I did some bisecting using the attached simplified test case, and found
that the query execution time jumps from circa 60ms to circa 7500ms here:
1f39bce021540fde00990af55b4432c55ef4b3c7 is the first bad commit
commit 1f39bce021540fde00990af55b4432c55ef4b3c7
Author: Jeff Davis <jdavis@postgresql.org>
Date: Wed Mar 18 15:42:02 2020 -0700
Disk-based Hash Aggregation.
While performing hash aggregation, track memory usage when adding new
groups to a hash table.
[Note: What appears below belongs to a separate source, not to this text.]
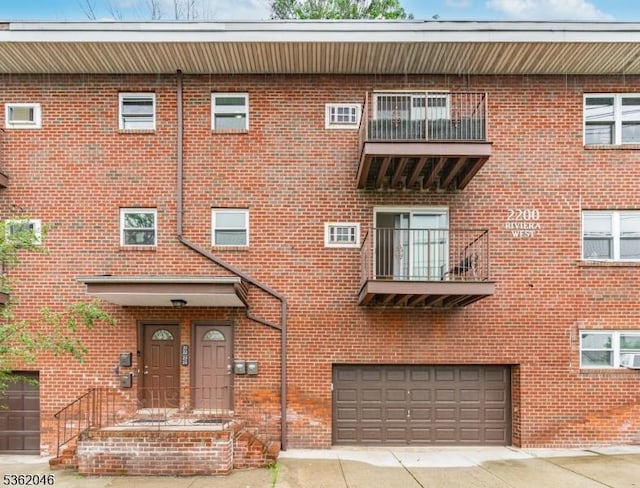 2200 Paterson Plank Rd Unit 23, North Bergen Twp, NJ 07047 - view of property featuring an attached garage and concrete driveway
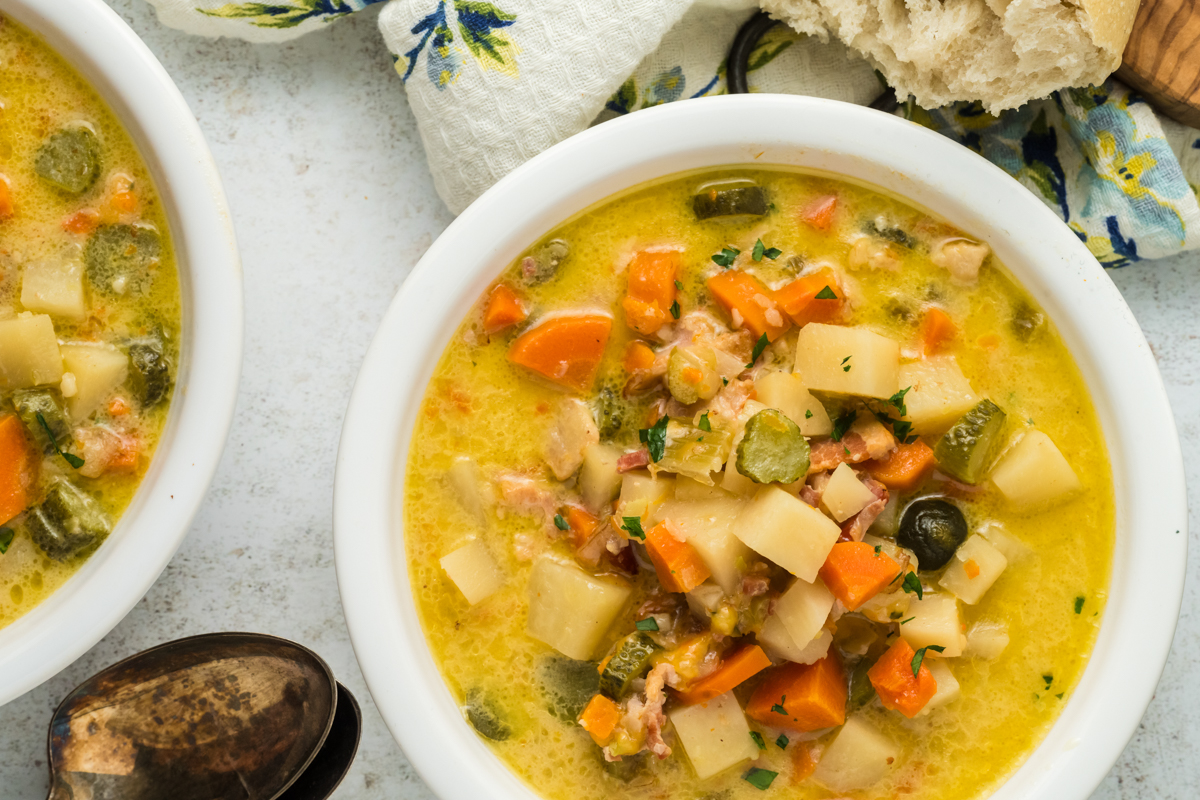 white bowl with dill pickle soup in it.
If the memory usage exceeds work_mem, enter
"spill mode".
(Times quoted are on a Mac M4 Pro, but in assert-enabled builds so
maybe not directly comparable to production.)
I'm bemused as to why: the test case has work_mem set high enough that
we shouldn't be triggering spill mode, so why did this change affect
it at all?
regards, tom lane
CREATE AGGREGATE array_agg(
BASETYPE = bigint,
SFUNC = array_append,
STYPE = bigint[],
INITCOND = '{}'
);
drop table if exists array_agg_test;
create table array_agg_test(product_id bigint not null, region_id bigint
not null, available boolean not null);
insert into array_agg_test (product_id, region_id, available) SELECT
generate_series(1, 50000) as product_id,
(ARRAY[1,2,3,4])[floor(random()*4)+1] as region_id, true as available;
insert into array_agg_test (product_id, region_id, available) SELECT
generate_series(1, 50000) as product_id,
(ARRAY[11,12,13,14])[floor(random()*4)+1] as region_id, true as available;
insert into array_agg_test (product_id, region_id, available) SELECT
generate_series(1, 50000) as product_id,
(ARRAY[111,112,113,114])[floor(random()*4)+1] as region_id, true as
available;
insert into array_agg_test (product_id, region_id, available) SELECT
generate_series(1, 50000) as product_id,
(ARRAY[1111,1112,1113,1114])[floor(random()*4)+1] as region_id, true as
available;
vacuum analyze array_agg_test;
\set ECHO all
-- set hash_mem_multiplier = 2;
set work_mem = "200MB";
explain (analyze, buffers) select product_id, array_agg(region_id) from
array_agg_test group by product_id;